> [AIM OF THE EXERCISE]: Nothing but the pictures may be left out. Restate the rest of the entries word for word.
(Beginning of DATASET RECORDS)
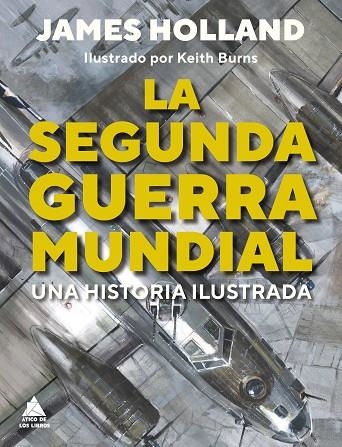 LA SEGUNDA GUERRA MUNDIAL | 9788419703187 | HOLLAND, JAMES | Llibreria L'Odissea - Libreria Online de Vilafranca del Penedès - Comprar libros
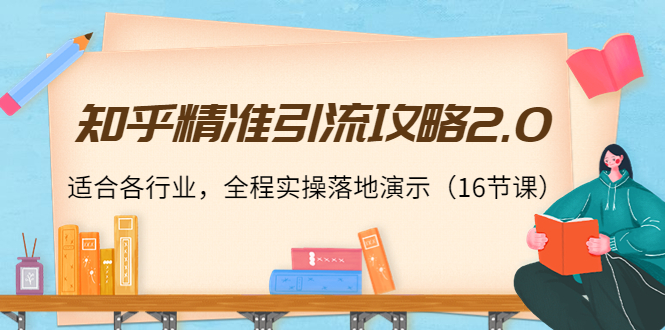 知乎精准引流攻略2.0，适合各行业，全程实操落地演示（16节课）-零点项目大全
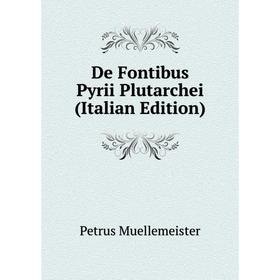 

Книга De Fontibus Pyrii Plutarchei (Italian Edition)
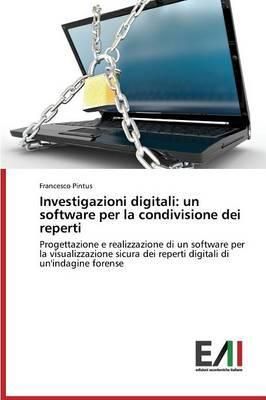 Investigazioni Digitali By Pintus Francesco 9783639655308 (Paperback)
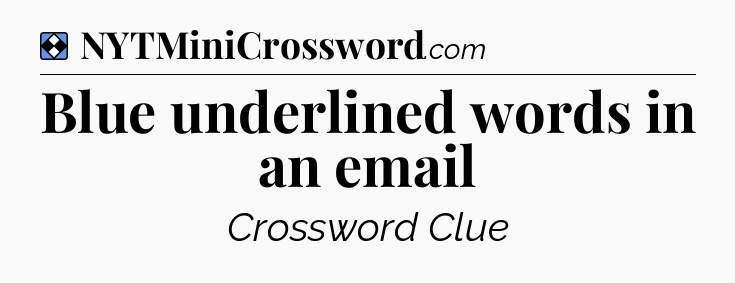 Solution: Blue underlined words in an email - NYT Mini Crossword
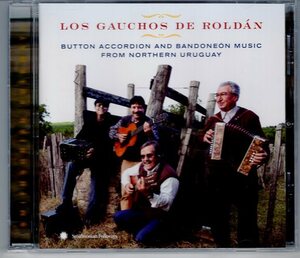 LOS GAUCHOS DE ROLDAN BUTTON ACCORDION AND BANDONEON MUSIC FROM NORTHERN URUGUAY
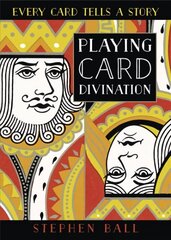 Playing Card Divination: Every Card Tells a Story cena un informācija | Pašpalīdzības grāmatas | 220.lv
(End of DATASET RECORDS)
> [ANSWER SECTION]:
 LA SEGUNDA GUERRA MUNDIAL | 9788419703187 | HOLLAND, JAMES | Llibreria L'Odissea - Libreria Online de Vilafranca del Penedès - Comprar libros
 知乎精准引流攻略2.0，适合各行业，全程实操落地演示（16节课）-零点项目大全

Книга De Fontibus Pyrii Plutarchei (Italian Edition)
 Investigazioni Digitali By Pintus Francesco 9783639655308 (Paperback)
 Solution: Blue underlined words in an email - NYT Mini Crossword
 LOS GAUCHOS DE ROLDAN BUTTON ACCORDION AND BANDONEON MUSIC FROM NORTHERN URUGUAY
 Playing Card Divination: Every Card Tells a Story cena un informācija | Pašpalīdzības grāmatas | 220.lv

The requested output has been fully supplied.